§ **GIVEN INFORMATION**:
● ● ● ● ●

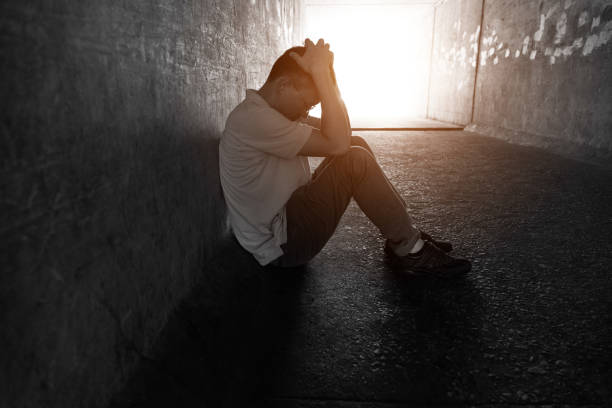 istock Desperate man sitting in the tunnel 1219699592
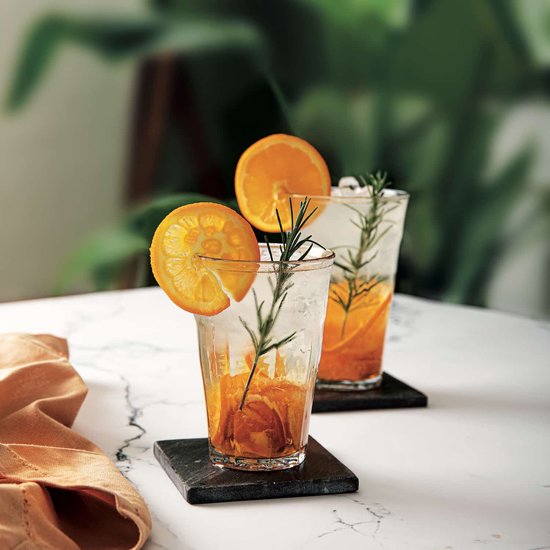 Deux verres Duralex Picardie transparents avec cannelures verticales, remplis d'eau glacée et de rondelles d'orange avec du romarin.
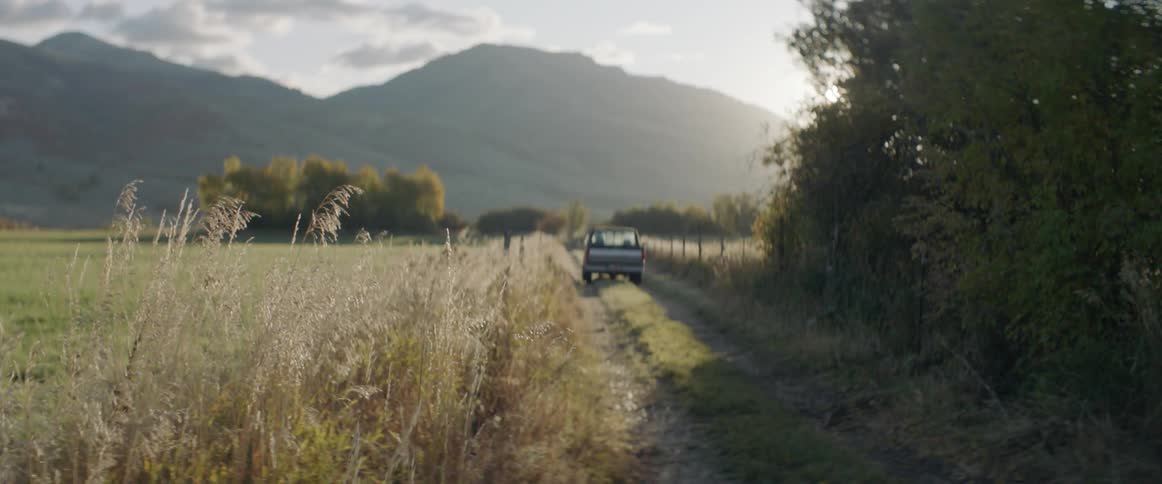 A truck drives down the dirt path towards the mountain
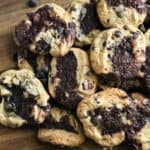 Pile of delicious Brookie Cookies on a cutting board with chocolate chips scattered in front.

● ● ● ● ●

§ **AIM OF THE EXERCISE**: All of the lines above must be repeated without alteration, though the pictures are to be excluded.

§ **RESULT BELOW**:
 istock Desperate man sitting in the tunnel 1219699592
 Deux verres Duralex Picardie transparents avec cannelures verticales, remplis d'eau glacée et de rondelles d'orange avec du romarin.
 A truck drives down the dirt path towards the mountain
 Pile of delicious Brookie Cookies on a cutting board with chocolate chips scattered in front.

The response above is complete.